The record contains no evidence of any conduct or misconduct on the part of defendant's agents or servants sufficient to bring the case within the rule stated above and the court erred in submitting this question to the jury.

It is said the verdict is not sustained by the evidence, but with this contention we cannot agree. Plaintiff testified:

She was on her way to visit her grandmother at Falmouth; she left Tuscaloosa about 4:40 p. m.; she had $20 in her shoes, and some remark was made by her school friends not to take off her shoes; this was in the presence of the porter and conductor; she retired about 8:30; about 11 p. m. she was awakened and put her hand out and touched a large rough hand, which was jerked away; she turned on the light in the berth, rang the bell, and in about ten minutes the conductor came, and he laughed at her; the lights were turned out in the sleeper, and while she was still awake, about two hours later, some one touched her foot, she screamed, and rang the bell; the conductor came and said he would leave the big light burning, and told her that if any one came again to try to see who it was; after the lights had been put out, along about 3:30 or 4, some one again touched her foot, she raised up, put her right hand out, and as she did so some one grabbed her hand, and took off her cameo ring; she screamed, and a woman in the opposite berth asked what was the trouble; although she rang the bell, no one came; soon thereafter it was daylight; she never closed her eyes after the first attack; as she went to the dressing room, she saw the porter looking at her, as she says, "with an evil eye"; this so frightened her that she finished dressing in her berth; later she went to the dressing room with a woman passenger; she told the train conductor of the loss of her ring.

The Pullman conductor tried repeatedly to talk to her; offered to assist her to the diner; she declined, and "he kinda grabbed her arm"; she was in a state of collapse when she reached Georgetown; cried all the way to Falmouth; couldn't control herself; wouldn't go to her room alone, in the daytime; she is still nervous and cannot sleep alone; she was never sick before.
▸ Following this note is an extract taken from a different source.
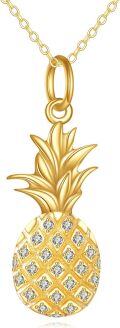 wholesale 10K Golden 10K Gold CZ Pineapple Pendant Necklace for Women - Elegant Charm Chain s-0-0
She went to see a physician the second day after she reached Falmouth. Her testimony as to her nervous condition is corroborated by other witnesses, including her mother.
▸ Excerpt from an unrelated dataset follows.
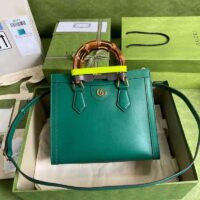 Gucci GG Women Gucci Diana Small Tote Bag Double G Emerald Leather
The physician, visited by plaintiff at Falmouth, gave his deposition in which he said he had known plaintiff all her life; that he saw her on November 26th, in his office; she was then suffering from a skin affection; she was anæmic and in a generally rundown condition; he regulated her diet and gave her a tonic; his treatment lasted for about three weeks; she seemed to have improved when she left; he did not recall that the patient said anything to him about any disturbance on the railroad train, or mentioned the loss of her ring.